そのブックレットをテキストに使うということが、残念ながらあまり周知されておらず、若干混乱(というか不満?)をもたらしてしまいました。
皮肉にも、予め配布されていたクリコフ先生のレジュメが、森田先生のお話を聴く上でかなり助けになりましたが、そうなるとクリコフ先生のレクチャーはその繰り返しになってしまわないかと危惧してしまいました。
しかし、クリコフ先生は上記のようなご自分の経歴を振り返りながら、森田先生のレクチャーの補足に留まらない、多くの気づきを与えて下さいました。
印象的だったのは、「民族衣装を着てロシア民謡を演じることには抵抗があった」という言葉です。
クリコフ先生が受けてきたソ連・ロシアの専門教育、アカデミックなバラライカの世界では、スーツを着て、クラシック音楽の編曲ないしバラライカのために作曲されたオリジナル作品(ソナタ、協奏曲など西欧音楽の様式であることが多いようだ)がレパートリーの7割以上を占め、弾きながら歌う«弾き歌い»は基本的にしない。
対して、本来的な民俗楽器としてのバラライカは、農民が歌って踊って遊ぶ時の伴奏で使われた、「美的ではない」「ラフな」楽器。
ロシア国内でのアカデミックな演奏形態と、国外で求められる«ロシア的イメージ»=民族衣装を着用してロシア民謡の編曲を演奏するという演奏形態との齟齬。
クリコフ先生は日本に留学して、外側からロシアの「アカデミック」バラライカの世界を眺めることで、「二つのバラライカの伝統がある」、ソ連時代に確立した民族音楽としてのバラライカとの本来の民族文化としてのバラライカがあることに気づかれた。
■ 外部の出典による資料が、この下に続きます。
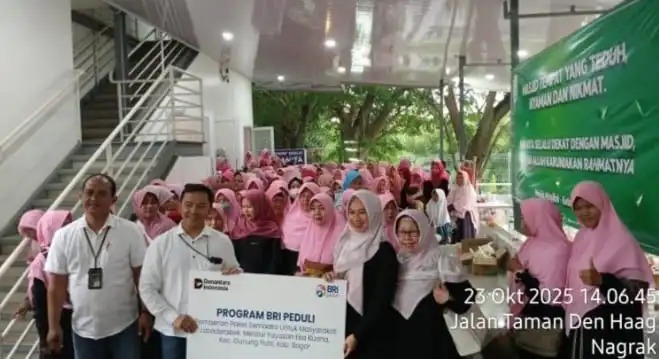 BRI Peduli kanca Cibubur Salurkan Paket Sembako untuk Masyarakat Jabodetabek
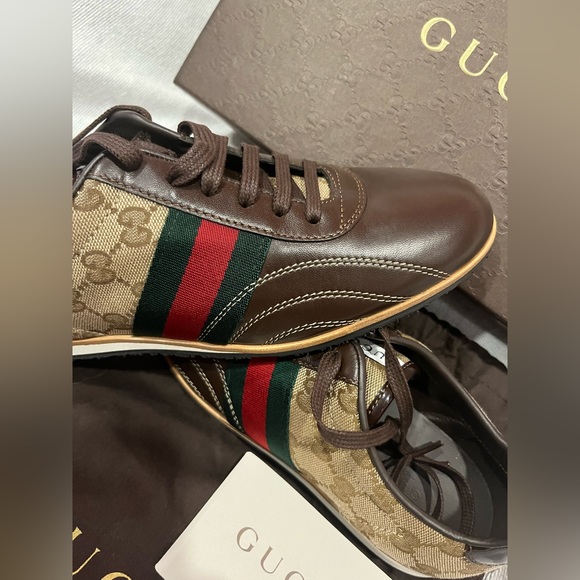 Authentic Gucci Shoes *vintage*. Never worn. - Picture 2 of 8
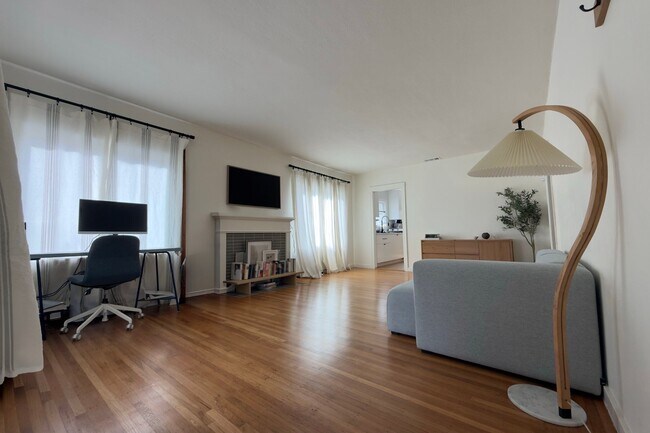 Foto del edificio - 1120 Masonic Ave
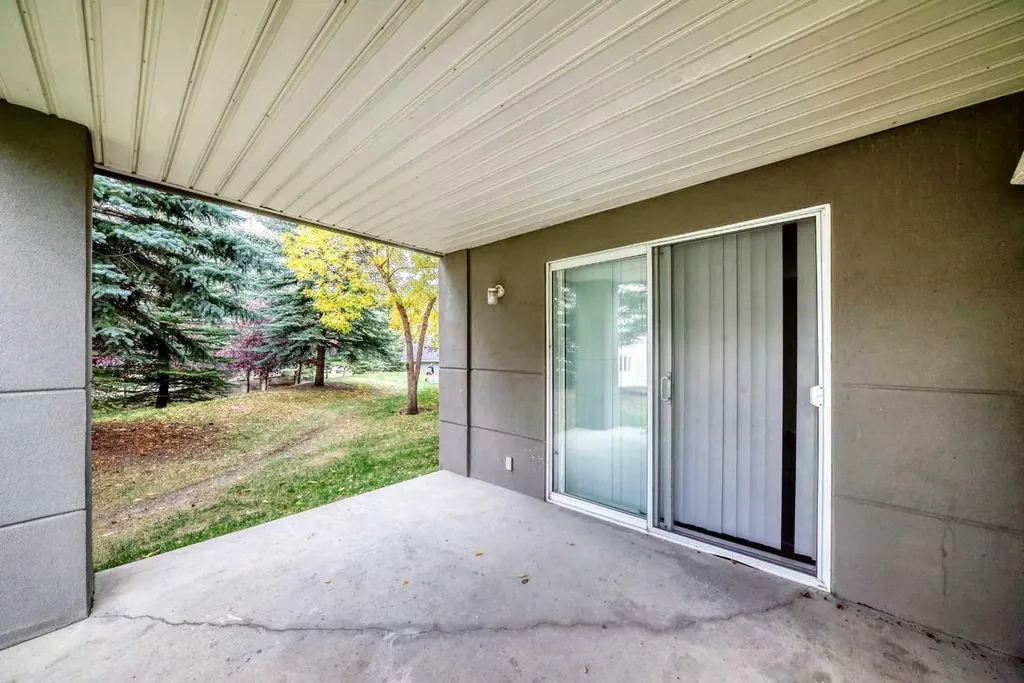 6000 Somervale Court SW Calgary AB T2Y 4J4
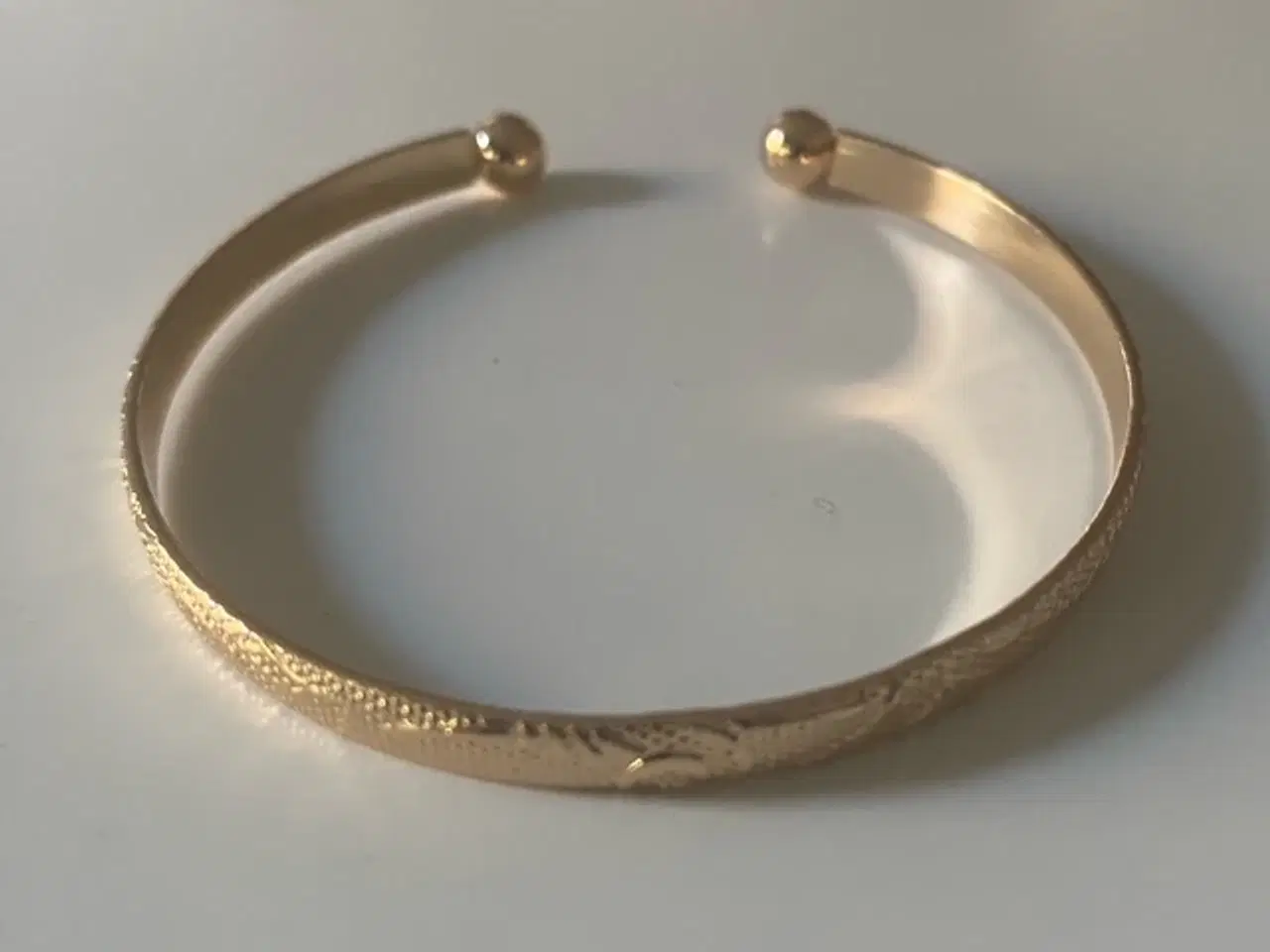 Billede 1 - * Elegant armring - med mønster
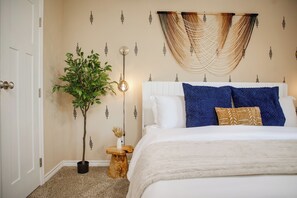 4 bedrooms, desk, iron/ironing board, free WiFi - 4bd/4bath w/ Community Pool & Beach Volleyball - 6mins to Kyle Field (College Station)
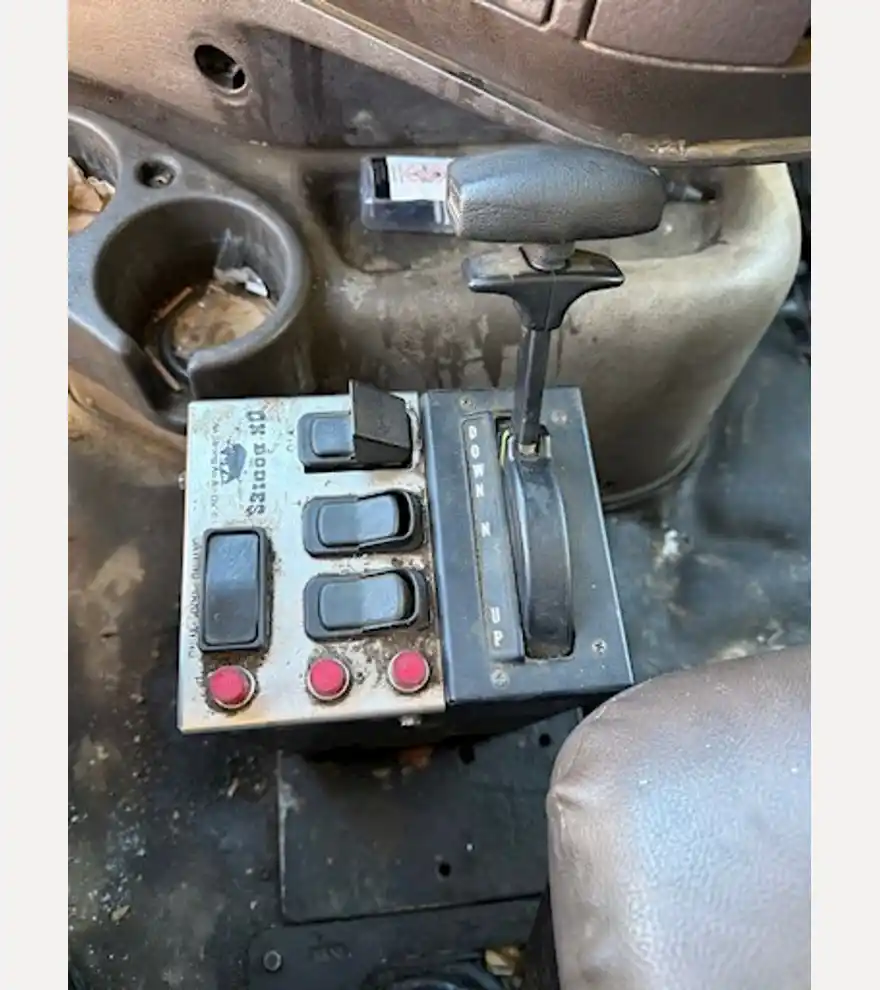 2016 Volvo VHD Tri Axle Dump Truck (Stk# 3426) - Volvo Dump Trucks - volvo-dump-trucks-vhd-tri-axle-dump-truck-stk-3426-34f10c09-10.jpg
そして西洋音楽たるクラシック音楽的であろうとするアカデミックな世界の感覚としては農村文化・民俗文化をいくらか低いもの(「美的ではない」)と捉え、抵抗を感じる、ということを認識し、それを率直に語ったのだと思います。
クリコフ先生は、数年前にお話ししたペテルブルグ出身の画商の青年を思い出させました。
日本語が堪能なこともそうだけれど、人当たりがよくて、思考が柔軟で、ロシアを外側から観ることができる客観性を持ち、多才であること。
そんなところに共通性を見出します。
演奏後、おばさまたちに囲まれ、丁寧に質問に答えていました。
「バラライカはどこで習うことができるのか?」とか。
今では、クリコフ先生はロシア民族音楽アンサンブル“GARMOSHKA”で民族衣装を着て演奏されているそうです。
六本木の「ミンスクの台所」で毎週木曜日にライブをされています。
ところで、私のお隣に席をとった若い女性は、すぐ前に座っていらしたクリコフ先生とロシア語でぺらぺら会話しているのみならず、メモもロシア語でさらさら書いている。
なので、私はこの女性はクリコフ先生の芸大での教え子かしらと思い、すごいなーと感心していたのです。
その後、彼女はキルギスからの留学生だということがわかりました。(もちろん先生同様日本語堪能でした。)
いやはや、キルギスの方は、言われないと日本人との区別は全くつかないですね。
今回もほんとに日本人だと思い込んでいました。